Microsoft has a “Learning Center” where it publishes guides and marketing articles to promote various Windows features, and these rank well in search results. It’s mostly used by Microsoft to push a narrative and also make it easier for users to make a choice when they search the web.
In the first week of April, Microsoft quietly published a support document titled “Gaming features: What the best Windows PC gaming systems have in common.”
At first, the document might appear to be about Windows 11’s gaming features, but it goes a step further and builds a narrative around the memory requirement.
In the support document, Microsoft clearly notes that:
“For most players, 16GB RAM is a practical starting point. Moving to 32GB RAM helps if you run Discord, browsers, or streaming tools alongside your games. That extra memory also gives newer titles more breathing room as memory demands continue to rise.” – Microsoft.
“16GB RAM is the baseline; 32GB is the ‘no worries’ upgrade,” the company concluded in the support document, which was first spotted by Windows Latest.
This was later picked up by other outlets and the gaming community, and it didn’t go well with gamers.
I mean, 32gb is the no worries upgrade. I would say 16gb is the minimum any gaming PC should have.
At this point, I’d assume 16GB to be the baseline just for the OS. I gave 8GB to my Windows 10 VM and it chugs.
To be fair, VMs chug no matter how much RAM you give them, because the GPU stuff almost always goes through software rendering instead of to an actual GPU. At least AFAWK.

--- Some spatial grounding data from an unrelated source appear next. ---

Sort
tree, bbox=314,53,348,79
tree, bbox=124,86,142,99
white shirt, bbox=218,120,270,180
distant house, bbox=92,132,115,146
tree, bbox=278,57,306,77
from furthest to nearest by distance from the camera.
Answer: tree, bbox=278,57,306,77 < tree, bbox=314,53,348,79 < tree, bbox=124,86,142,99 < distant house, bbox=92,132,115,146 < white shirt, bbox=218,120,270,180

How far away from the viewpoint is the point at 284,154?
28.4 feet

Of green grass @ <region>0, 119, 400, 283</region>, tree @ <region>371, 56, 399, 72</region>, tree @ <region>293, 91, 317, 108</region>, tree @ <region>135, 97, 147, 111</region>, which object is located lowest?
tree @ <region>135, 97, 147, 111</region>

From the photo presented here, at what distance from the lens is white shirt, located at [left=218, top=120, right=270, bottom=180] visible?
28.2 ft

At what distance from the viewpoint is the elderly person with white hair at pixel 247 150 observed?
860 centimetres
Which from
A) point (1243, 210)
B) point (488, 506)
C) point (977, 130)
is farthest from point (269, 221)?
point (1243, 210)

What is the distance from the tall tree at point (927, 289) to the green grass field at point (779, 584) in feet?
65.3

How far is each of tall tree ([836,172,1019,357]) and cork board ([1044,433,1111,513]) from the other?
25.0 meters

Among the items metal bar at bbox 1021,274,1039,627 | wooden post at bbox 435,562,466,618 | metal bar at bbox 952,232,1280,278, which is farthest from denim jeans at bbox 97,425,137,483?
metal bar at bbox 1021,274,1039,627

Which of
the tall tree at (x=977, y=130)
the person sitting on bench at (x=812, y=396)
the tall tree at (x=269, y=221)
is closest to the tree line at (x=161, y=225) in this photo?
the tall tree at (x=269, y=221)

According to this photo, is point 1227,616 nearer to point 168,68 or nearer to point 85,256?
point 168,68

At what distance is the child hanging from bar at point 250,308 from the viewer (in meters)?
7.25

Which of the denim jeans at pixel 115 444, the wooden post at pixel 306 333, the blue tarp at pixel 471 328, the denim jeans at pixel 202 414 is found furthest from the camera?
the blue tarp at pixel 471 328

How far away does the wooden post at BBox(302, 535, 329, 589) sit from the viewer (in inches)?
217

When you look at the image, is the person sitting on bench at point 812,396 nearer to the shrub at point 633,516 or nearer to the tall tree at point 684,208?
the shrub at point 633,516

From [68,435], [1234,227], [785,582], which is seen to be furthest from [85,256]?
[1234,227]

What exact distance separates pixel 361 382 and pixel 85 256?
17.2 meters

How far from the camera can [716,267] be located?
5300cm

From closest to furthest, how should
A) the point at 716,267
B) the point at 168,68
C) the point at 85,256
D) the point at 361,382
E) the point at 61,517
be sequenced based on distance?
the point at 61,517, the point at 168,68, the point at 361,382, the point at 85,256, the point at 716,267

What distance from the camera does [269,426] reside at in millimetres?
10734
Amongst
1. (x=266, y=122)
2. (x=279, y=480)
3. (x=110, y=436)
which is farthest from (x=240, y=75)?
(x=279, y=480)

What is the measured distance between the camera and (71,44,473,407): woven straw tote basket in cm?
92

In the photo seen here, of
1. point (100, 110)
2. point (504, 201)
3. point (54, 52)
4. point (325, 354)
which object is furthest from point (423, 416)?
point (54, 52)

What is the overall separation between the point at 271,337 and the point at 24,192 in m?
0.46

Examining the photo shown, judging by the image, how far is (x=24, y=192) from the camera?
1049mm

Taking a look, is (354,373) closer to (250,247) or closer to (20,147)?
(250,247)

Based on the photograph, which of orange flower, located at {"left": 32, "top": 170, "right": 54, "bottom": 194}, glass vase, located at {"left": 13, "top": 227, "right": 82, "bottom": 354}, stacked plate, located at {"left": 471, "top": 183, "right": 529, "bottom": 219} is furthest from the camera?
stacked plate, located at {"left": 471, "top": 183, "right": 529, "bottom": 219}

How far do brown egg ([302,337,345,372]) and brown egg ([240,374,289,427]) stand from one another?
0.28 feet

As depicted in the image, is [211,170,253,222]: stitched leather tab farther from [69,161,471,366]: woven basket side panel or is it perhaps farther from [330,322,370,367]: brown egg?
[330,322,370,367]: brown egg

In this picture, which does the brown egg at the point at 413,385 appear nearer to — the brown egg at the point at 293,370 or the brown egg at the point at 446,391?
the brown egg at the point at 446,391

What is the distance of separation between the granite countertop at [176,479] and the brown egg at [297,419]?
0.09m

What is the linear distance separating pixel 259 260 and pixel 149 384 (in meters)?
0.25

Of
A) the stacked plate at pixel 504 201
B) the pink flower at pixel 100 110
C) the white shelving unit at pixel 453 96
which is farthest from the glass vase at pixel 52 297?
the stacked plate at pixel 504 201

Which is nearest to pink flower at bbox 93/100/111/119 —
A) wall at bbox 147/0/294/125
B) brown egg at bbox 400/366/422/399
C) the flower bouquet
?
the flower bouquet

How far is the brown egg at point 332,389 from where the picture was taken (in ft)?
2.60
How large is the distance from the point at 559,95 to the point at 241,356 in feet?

You can get around that with passthrough but you’d need a dedicated GPU just for the VM.
– Topaz

16 is bare minimum. 32 is comfortable.
This might be true for microslop winblows which uses steamos as a performance benchmark they are hoping to meet.

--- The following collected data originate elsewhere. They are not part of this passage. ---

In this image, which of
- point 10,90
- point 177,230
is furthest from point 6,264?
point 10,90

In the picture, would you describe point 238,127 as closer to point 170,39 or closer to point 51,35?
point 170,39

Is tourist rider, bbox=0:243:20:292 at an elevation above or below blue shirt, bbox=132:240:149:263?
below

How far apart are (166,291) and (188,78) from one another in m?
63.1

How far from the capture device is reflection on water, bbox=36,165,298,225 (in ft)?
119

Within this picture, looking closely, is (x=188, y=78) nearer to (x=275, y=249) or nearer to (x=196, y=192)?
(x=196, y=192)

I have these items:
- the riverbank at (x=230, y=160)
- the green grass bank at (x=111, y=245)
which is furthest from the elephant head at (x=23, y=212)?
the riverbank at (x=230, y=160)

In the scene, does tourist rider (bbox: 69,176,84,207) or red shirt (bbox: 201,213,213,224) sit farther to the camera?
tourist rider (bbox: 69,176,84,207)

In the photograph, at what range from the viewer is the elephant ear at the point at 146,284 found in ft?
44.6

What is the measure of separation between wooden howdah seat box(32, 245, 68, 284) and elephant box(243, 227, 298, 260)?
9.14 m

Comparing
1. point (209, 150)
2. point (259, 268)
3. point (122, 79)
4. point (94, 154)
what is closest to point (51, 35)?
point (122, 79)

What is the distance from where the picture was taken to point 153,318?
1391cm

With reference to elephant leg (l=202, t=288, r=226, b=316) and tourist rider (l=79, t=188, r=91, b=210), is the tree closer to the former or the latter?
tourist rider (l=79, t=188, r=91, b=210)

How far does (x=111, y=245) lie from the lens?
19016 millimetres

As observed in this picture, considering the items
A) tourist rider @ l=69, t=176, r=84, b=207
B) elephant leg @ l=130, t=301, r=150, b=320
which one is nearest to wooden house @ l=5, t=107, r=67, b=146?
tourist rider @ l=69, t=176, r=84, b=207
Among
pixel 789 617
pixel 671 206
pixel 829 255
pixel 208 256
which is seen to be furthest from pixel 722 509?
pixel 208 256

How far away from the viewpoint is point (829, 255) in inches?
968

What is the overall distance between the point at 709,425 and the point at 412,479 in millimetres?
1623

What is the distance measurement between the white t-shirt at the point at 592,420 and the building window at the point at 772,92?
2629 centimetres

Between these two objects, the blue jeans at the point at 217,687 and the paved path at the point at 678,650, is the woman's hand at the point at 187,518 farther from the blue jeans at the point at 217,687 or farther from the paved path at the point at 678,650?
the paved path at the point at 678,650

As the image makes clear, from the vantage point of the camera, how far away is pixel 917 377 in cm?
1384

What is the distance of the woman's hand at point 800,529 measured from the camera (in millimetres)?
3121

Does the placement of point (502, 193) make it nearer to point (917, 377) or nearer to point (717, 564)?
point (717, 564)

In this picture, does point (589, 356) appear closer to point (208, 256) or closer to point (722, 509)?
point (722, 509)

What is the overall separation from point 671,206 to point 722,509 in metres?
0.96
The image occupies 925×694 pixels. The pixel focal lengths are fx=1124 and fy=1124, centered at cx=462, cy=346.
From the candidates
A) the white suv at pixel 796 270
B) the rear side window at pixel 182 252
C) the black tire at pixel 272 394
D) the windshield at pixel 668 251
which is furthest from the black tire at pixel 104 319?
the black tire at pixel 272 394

Any gamer strapped for cash should just try their games on Linux.
switched my gaming desktop to Linux and my 32GB of RAM are basically useless unless I unnecessarily open a bunch of stuff for no reason and even then it doesn’t take as much as Windows did. Amazing how bloated Windows is.
Good news: That spare RAM will become disk buffer cache on Linux, so it’s not useless after all.
This is part of why modern games claiming to need an SSD will often run pretty well from a slow mechanical hard drive on Linux.
You can always start self-hosting services in the background to use up some ram. No need to spend money for things you can easily host yourself on hardware you already have powered on.